Libro nono, capitolo otto. In quel luogo dei ‘Karamazov’ accade qualcosa che non smette di uncinarmi – è qualcosa di semplice – di dichiarato – di disperatamente ultimo. Ognuno s’arrampica ai ‘Karamazov’ come può – io parto da lì, dal sogno di Dmitrij Karamazov, durante il processo in cui deve rispondere all’accusa di essere l’omicida del padre. In forma preliminare, di danza: mi sembra emblematico che Dostoevskij, lo scrittore ‘realista’, penetri nella pasta onirica, s’ingolfi nel sogno per dire le cose definitive – leggete, almeno, Il sogno di un uomo ridicolo.
La quinta. Il sogno avviene in una “steppa”, in una scenografia canonicamente russa, “era l’inizio di novembre, e la neve cadeva in grossi fiocchi umidi”. Fa freddo e Dmitrij è su un carro. Il freddo è la condizione esistenziale permanente. Il carro va veloce e passa di fianco a un “villaggio per metà bruciato”. Ai confini del villaggio, “delle contadine… un’intera schiera, tutte magre, emaciate, con i visi scuri”.

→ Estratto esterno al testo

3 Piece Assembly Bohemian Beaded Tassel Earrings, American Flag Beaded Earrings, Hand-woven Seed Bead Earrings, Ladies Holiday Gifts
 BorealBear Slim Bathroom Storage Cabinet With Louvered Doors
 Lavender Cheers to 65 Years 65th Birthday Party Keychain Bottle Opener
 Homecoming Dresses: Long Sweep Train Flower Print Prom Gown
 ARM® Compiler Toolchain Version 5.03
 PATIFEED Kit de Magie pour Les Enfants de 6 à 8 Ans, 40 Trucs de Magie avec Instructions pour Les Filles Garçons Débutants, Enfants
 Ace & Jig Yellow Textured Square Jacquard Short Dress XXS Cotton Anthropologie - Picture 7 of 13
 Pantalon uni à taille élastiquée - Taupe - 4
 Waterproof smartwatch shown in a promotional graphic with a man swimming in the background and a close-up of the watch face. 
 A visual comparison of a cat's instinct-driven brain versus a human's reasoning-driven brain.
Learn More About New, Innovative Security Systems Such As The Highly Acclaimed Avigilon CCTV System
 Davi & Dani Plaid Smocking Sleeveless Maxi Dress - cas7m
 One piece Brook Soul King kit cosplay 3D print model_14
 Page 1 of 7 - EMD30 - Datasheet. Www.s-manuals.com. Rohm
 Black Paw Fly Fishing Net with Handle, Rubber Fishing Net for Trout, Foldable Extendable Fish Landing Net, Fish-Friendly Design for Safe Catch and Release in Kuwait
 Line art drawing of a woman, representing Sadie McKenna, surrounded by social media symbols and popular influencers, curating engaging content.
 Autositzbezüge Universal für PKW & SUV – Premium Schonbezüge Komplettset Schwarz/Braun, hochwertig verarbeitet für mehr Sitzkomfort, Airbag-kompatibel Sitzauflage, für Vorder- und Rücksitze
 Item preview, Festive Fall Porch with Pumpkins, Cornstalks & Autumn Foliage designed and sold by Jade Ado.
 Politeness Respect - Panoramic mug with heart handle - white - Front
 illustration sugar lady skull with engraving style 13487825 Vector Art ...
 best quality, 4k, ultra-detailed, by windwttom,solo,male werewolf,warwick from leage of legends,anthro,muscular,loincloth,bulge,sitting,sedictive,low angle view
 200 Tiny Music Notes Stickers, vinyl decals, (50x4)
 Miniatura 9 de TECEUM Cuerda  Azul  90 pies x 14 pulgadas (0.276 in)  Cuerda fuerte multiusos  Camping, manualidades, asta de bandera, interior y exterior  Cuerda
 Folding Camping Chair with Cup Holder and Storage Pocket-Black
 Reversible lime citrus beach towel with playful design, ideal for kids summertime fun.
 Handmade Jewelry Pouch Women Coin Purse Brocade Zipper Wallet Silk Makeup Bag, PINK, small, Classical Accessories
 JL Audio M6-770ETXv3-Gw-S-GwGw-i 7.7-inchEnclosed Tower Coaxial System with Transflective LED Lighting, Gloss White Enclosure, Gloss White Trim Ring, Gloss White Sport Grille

Una natività dostoevskijana. Nella corsa affannosa lungo la steppa, attraversando il villaggio bruciato, Dmitrij è frenato da “una donna ossuta e alta, che dimostrava quarant’anni, ma poteva averne venti, con il viso magro, che teneva fra le braccia un bimbo in lacrime: evidentemente il suo seno non aveva più latte e il bambino piangeva, piangeva, mulinava le braccia nude, con i pugni illividiti dal freddo”. Questa donna è lo zenit del sogno, colei che morde il cuore di Dmitrij, che lo mangia. La mamma con il bambino è una immagine cristica – ricordiamo come Vasilij Grossman ha descritto la Madonna sistina di Raffaello – è una immagine devota, qui ribaltata, però. Gli uomini pregano davanti alla Mamma con il Bambino – qui la mamma non ha la forza di implorare aiuto e il suo bambino piange. Il bambino di questa donna non morirà per redimere le colpe dell’uomo, morirà e basta, come il più solo e incolpevole degli uomini.